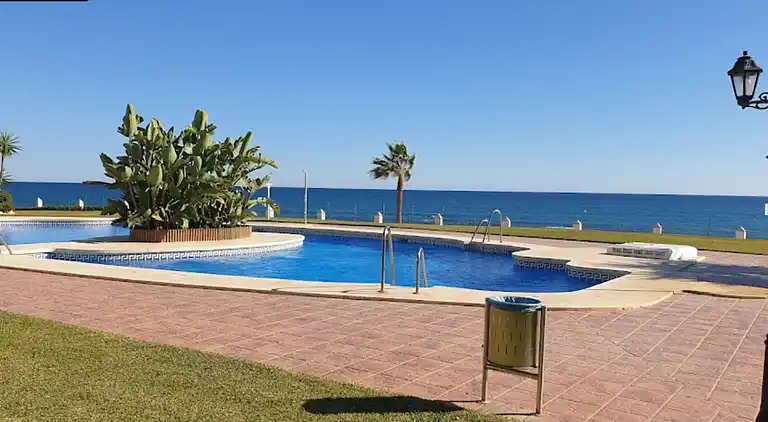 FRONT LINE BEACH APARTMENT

---

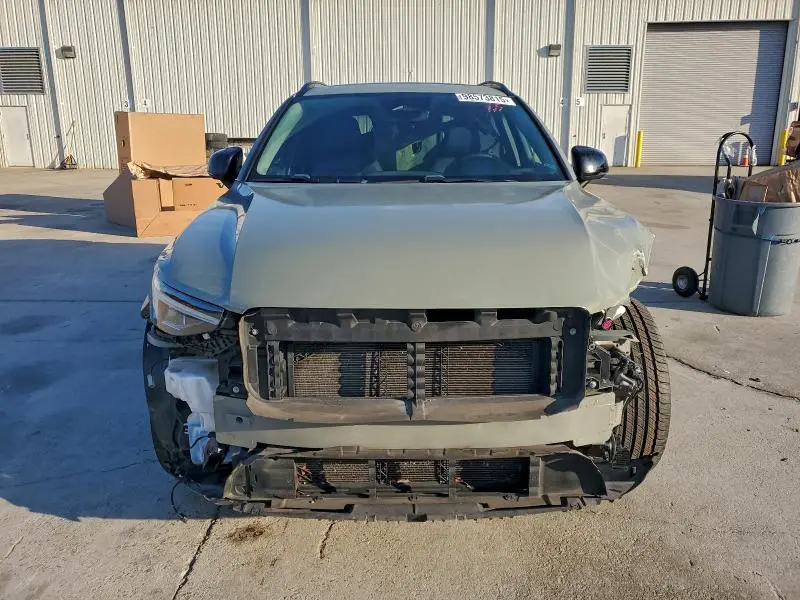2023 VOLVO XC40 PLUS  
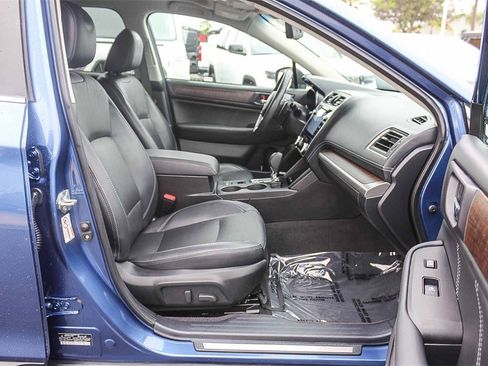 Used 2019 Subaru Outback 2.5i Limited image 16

---

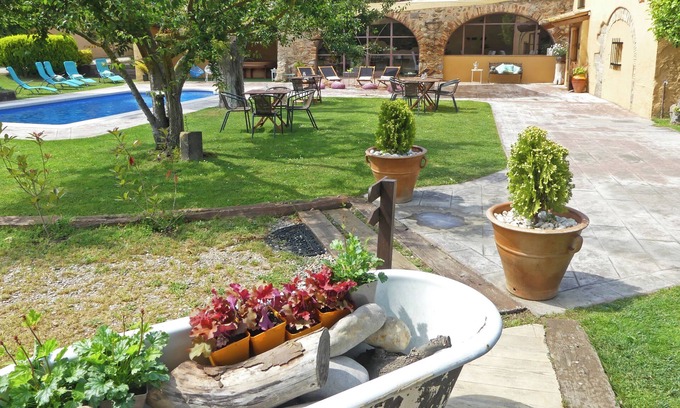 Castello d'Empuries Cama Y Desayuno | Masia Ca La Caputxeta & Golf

Instructions to follow: The stretch to restate runs from the line above containing "2023 VOLVO XC40 PLUS" through the line containing "Used 2019 Subaru". Copy it word for word, ends included, without pictures.

Written reply:
2023 VOLVO XC40 PLUS  
 Used 2019 Subaru Outback 2.5i Limited image 16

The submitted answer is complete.